◆ **Task goal**
Repeat exactly, and only, the lines below starting at the line that contains "Zihinsel ve Bilişsel Yetenekler" and ending at the line that contains "Immunohistochemical staining of", inclusive of both.

◆ **Records for processing**
-- -- --
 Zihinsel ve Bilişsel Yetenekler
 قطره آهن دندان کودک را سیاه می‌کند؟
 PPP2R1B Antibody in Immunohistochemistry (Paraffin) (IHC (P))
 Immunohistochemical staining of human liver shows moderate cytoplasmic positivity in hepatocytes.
-- -- --
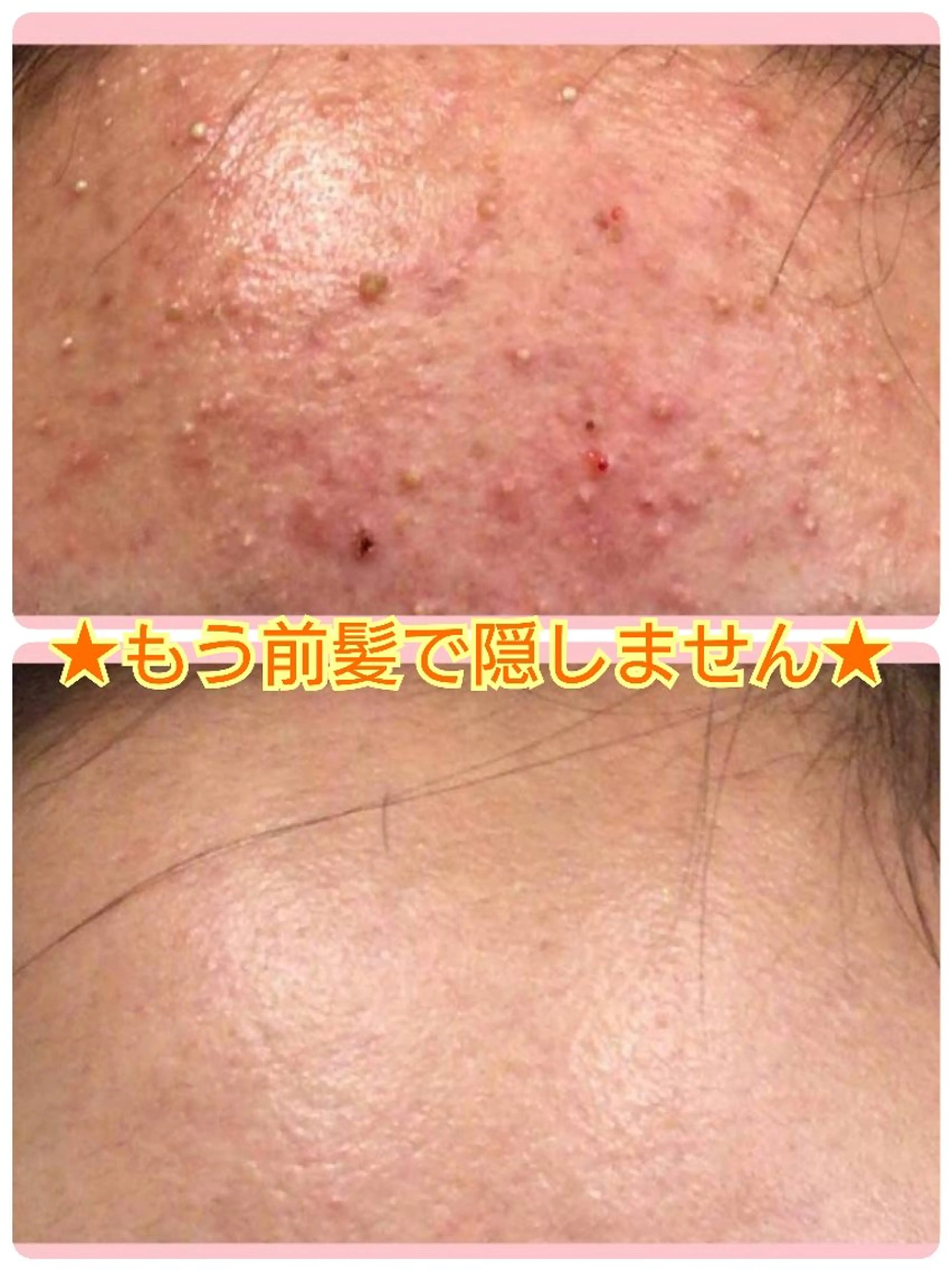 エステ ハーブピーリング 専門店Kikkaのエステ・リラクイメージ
-- -- --
◆ **Task response**
 Zihinsel ve Bilişsel Yetenekler
 قطره آهن دندان کودک را سیاه می‌کند؟
 PPP2R1B Antibody in Immunohistochemistry (Paraffin) (IHC (P))
 Immunohistochemical staining of human liver shows moderate cytoplasmic positivity in hepatocytes.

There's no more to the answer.